How to complete this task - Pick out the lines below that contain the string "Street" and copy them all.

*** Recorded information Section Begins ***

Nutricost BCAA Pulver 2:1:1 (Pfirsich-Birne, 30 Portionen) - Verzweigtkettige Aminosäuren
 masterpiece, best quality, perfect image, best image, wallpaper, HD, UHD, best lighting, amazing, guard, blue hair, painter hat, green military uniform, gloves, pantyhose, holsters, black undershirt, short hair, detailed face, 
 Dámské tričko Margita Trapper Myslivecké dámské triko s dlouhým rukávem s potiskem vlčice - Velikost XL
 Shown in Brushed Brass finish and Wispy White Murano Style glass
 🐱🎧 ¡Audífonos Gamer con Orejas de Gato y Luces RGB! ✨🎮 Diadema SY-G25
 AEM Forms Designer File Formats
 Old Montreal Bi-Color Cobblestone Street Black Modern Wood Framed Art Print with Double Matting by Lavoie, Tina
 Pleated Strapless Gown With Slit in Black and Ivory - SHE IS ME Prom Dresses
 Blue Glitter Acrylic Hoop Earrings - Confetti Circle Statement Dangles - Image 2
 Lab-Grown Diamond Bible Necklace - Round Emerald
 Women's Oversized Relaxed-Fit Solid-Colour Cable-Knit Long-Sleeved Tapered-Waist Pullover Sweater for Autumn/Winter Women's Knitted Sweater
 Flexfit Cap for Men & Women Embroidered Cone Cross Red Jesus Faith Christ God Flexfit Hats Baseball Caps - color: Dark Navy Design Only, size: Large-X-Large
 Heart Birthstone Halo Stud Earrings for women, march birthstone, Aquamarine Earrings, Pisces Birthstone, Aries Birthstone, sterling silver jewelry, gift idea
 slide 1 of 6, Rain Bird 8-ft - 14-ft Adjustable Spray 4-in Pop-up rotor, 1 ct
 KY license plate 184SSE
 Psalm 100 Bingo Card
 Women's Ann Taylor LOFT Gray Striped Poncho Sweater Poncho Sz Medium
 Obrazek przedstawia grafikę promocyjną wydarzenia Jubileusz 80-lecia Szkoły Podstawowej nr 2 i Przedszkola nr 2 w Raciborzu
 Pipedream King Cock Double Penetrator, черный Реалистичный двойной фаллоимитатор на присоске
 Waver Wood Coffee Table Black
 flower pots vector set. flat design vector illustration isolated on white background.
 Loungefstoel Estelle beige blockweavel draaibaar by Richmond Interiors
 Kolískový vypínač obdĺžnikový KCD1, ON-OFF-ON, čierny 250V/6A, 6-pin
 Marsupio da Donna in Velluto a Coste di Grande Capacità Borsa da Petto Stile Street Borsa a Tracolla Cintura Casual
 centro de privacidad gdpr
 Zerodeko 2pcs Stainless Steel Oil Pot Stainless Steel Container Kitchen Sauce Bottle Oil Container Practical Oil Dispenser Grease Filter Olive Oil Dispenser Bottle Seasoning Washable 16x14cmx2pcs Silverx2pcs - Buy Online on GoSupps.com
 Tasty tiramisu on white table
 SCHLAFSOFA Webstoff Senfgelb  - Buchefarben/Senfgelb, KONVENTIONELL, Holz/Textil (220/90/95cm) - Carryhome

*** Recorded information Section Ends ***

Result -
 Old Montreal Bi-Color Cobblestone Street Black Modern Wood Framed Art Print with Double Matting by Lavoie, Tina
 Marsupio da Donna in Velluto a Coste di Grande Capacità Borsa da Petto Stile Street Borsa a Tracolla Cintura Casual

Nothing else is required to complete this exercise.